Havalimanında linç edilmenizin üzerinden 5 yıl geçti. Ancak yıllar geçmesine rağmen ülkedeki linç girişimleri devam ediyor. Sanatçılar, gazeteciler linç ediliyor. Bu durumu nasıl değerlendiriyorsunuz?

Linç, işgal, yağma ve ganimet kültürü bu topraklarda yüzyıllardır vardı. Sanırım var olmaya da devam edecek. Organize olduğu aşikâr linç girişiminden sağ çıkmam mucizeydi. Ancak yüce Türk yargısı inandırıcı delil bulamadığından bana saldıran 13 sanık beraat etti. Sadece bir kişiye ufak bir para cezası verildi. Asliye hukuk mahkemesinde açtığım tazminat davasında ise mahkeme sübut delil olmadığını iddia ederek tazminat talebimi ret etti. Yaşadıklarıma ilişkin açılan her iki davayı da Avrupa İnsan Hakları Mahkemesi’ne (AİHM) taşıyacağız.

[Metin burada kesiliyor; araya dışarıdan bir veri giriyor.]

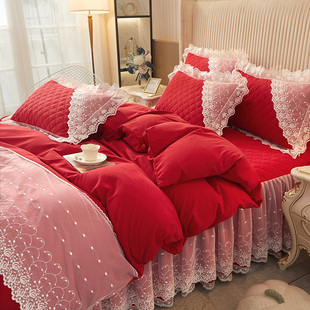 结婚床上四件套韩式公主风被套蕾丝花边被罩床单床裙款婚庆床品4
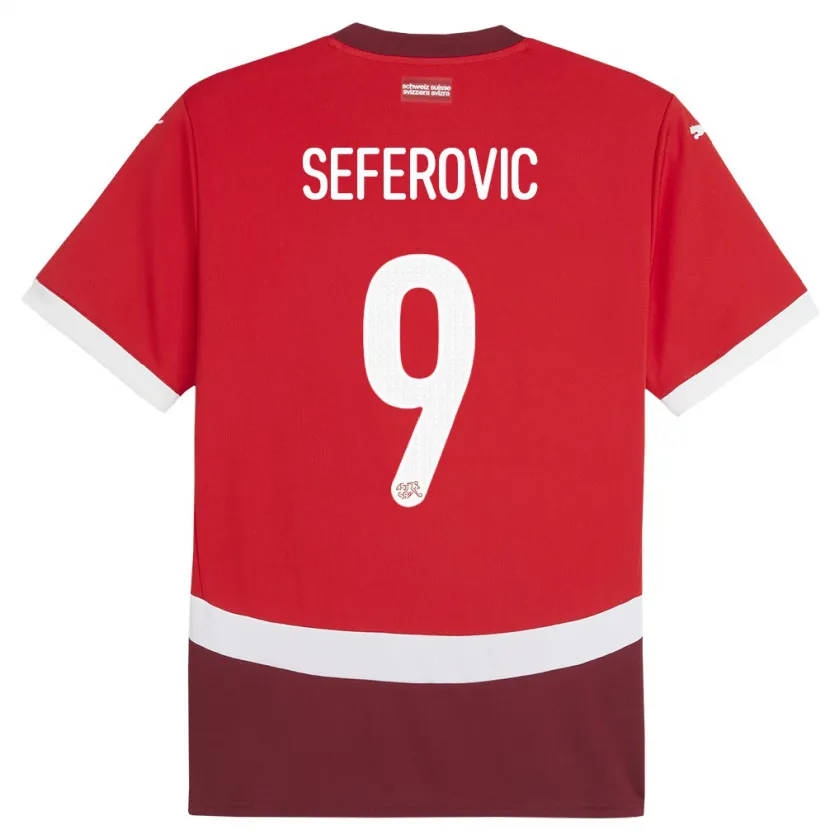 Danxen Dame Sveits Haris Seferovic #9 Rød Hjemmetrøye Drakt Trøye 24-26 Skjorter T-Skjorte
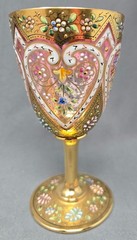 Harrach Heavy Gold and Enemal Heart Design Wine Glass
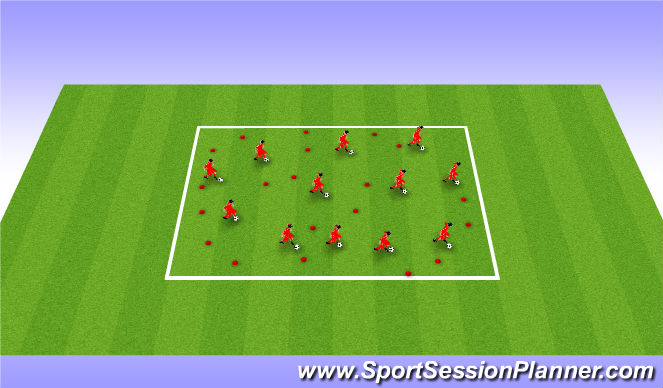 Football/Soccer Session Plan Drill (Colour): Dribbling Warm up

Geçtiğimiz hafta Şanlıurfa’da olacaktınız. Ancak etkinliğinizin duyulması üzerine tehdit ve tepki mesajları gelmeye başladı. Kendi ülkenizin bir şehrine gidemiyor olmak size neler hissettirdi?

Bırakın ülkemin bir şehrine giderken tedirgin olmayı yurtdışında bile aynı çirkin davranışlarla karşılaşabiliyoruz. Sanırım son 20 yıldaki kutuplaşmakta olan toplumun hadsizliğinden kaynaklı bu yaşananlar. Üzülüyor muyum? Tabi ki üzülüyorum. Ancak korkuyor muyum? Hayır korkmuyorum. Tüm bu nedenlerden ülkem benim için gittikçe değersizleşen bir yere dönüşüyor.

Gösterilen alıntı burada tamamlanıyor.